By: Shelley Nelson, Superior Telegram
Douglas County is working to turn disaster into an opportunity to conserve land in the St. Croix Barrens.
The county still is dealing with the repercussions of two windstorms that decimated about 15,000 acres of county-owned forest land in 2011.
However, the Douglas County Board last week approved using revenue from sales of downed trees to put toward purchasing about 54,000 acres of timberland from the Lyme St. Croix Land Co., the former Wausau Paper/Mosinee timber lands, for managed county forests.
After the storms, the county held special timber auctions in addition to its three annual auctions. The county was able to sell about 90 percent of its tracts, said Jon Harris, director of the county’s forestry department. Smaller tracts were sold over the counter, leaving the county with about 10 tracts it won’t be able to sell. He said it took about 40 salvage contracts to clean up the damaged trees from the 2011 blow-down. About 85 percent of those contracts have been completed.
“It was the largest natural disaster that we dealt with in the county forest that anyone could remember,” Harris said. He estimated the value of the lost timber to be about $2.5 million.
“Most of what we have left is going to be sold for fuel,” Harris said.
He said the county managed to sell $1.9 million worth of timber in its salvage sales by the end of the 2012.
In a typical year, about 70,000 to 100,000 cords are cut from Douglas County forest lands, but last year 143,149 cords — about 11,500 pulp trucks — were cut, Harris said.
“A lot of that was salvage wood that we wouldn’t have sold if it wasn’t laying on the forest ground,” Harris said.
After the storm, the county’s Forestry, Parks and Recreation Committee approved setting aside revenue from the salvage timber sales to meet its reforestation needs and other unknown costs in the blow-down area.

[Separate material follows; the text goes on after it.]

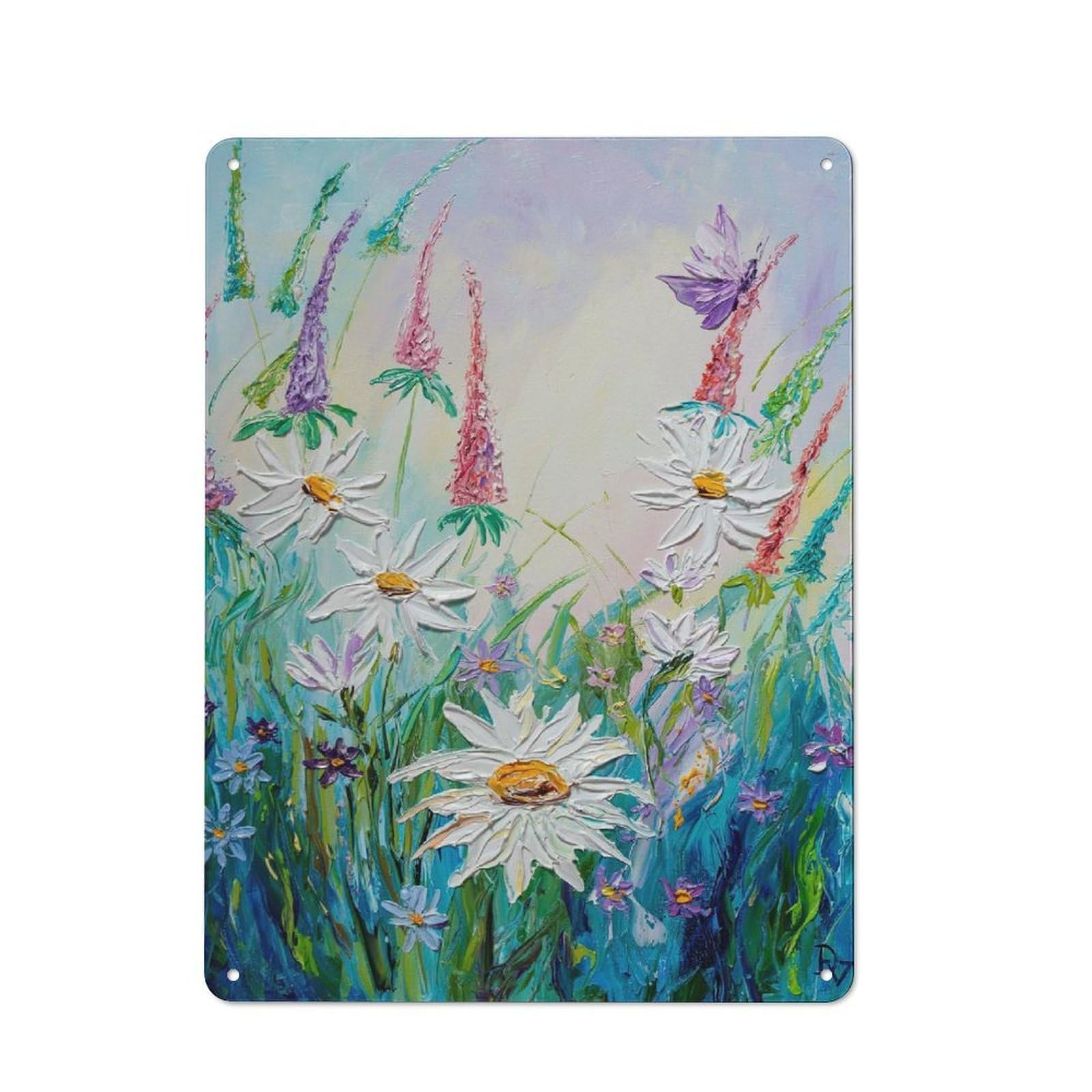 Summer Idyll Industrial Metal Wall Decor 40x30cm, Tin Sign for Workshop, Basement, Shed Or Games Room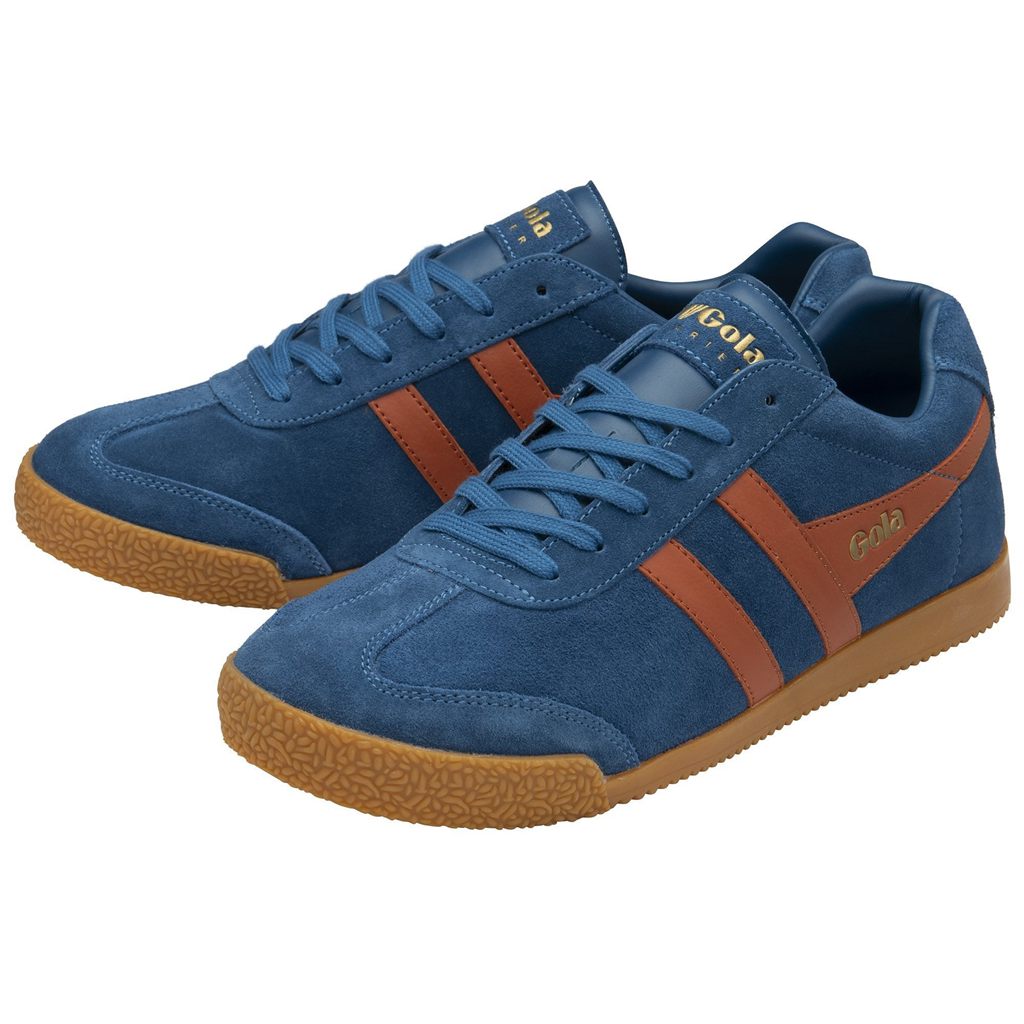 Gola Classics Harrier Suede Sneakers Azules Naranjas España | WZQ-345816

That recovery fund was used to help pay for repairs to access roads, and pay for seedlings for reforestation that will be planted over the next two years.
Now a portion of that fund could be used to purchase additional land.
Historically, the land has been used by the public for recreation, Harris said.
Harris said a conservation easement purchased by the state protects public use of the land. However, 15 parcels, more than 1,000 acres, were left out. The parcels include snowmobile and ski trails and high-quality uplands.
Harris said it’s unusual to be able to pursue such a large acquisition from a single owner.
The County Board approved seeking grant money through the Wisconsin Department of Natural Resources Trail Grant Program and the Conservation Fund to help with the acquisition.
Harris said nothing approved by the board obligates the county to purchase the land unless it is successful in garnering grant money to assist with the acquisition costs.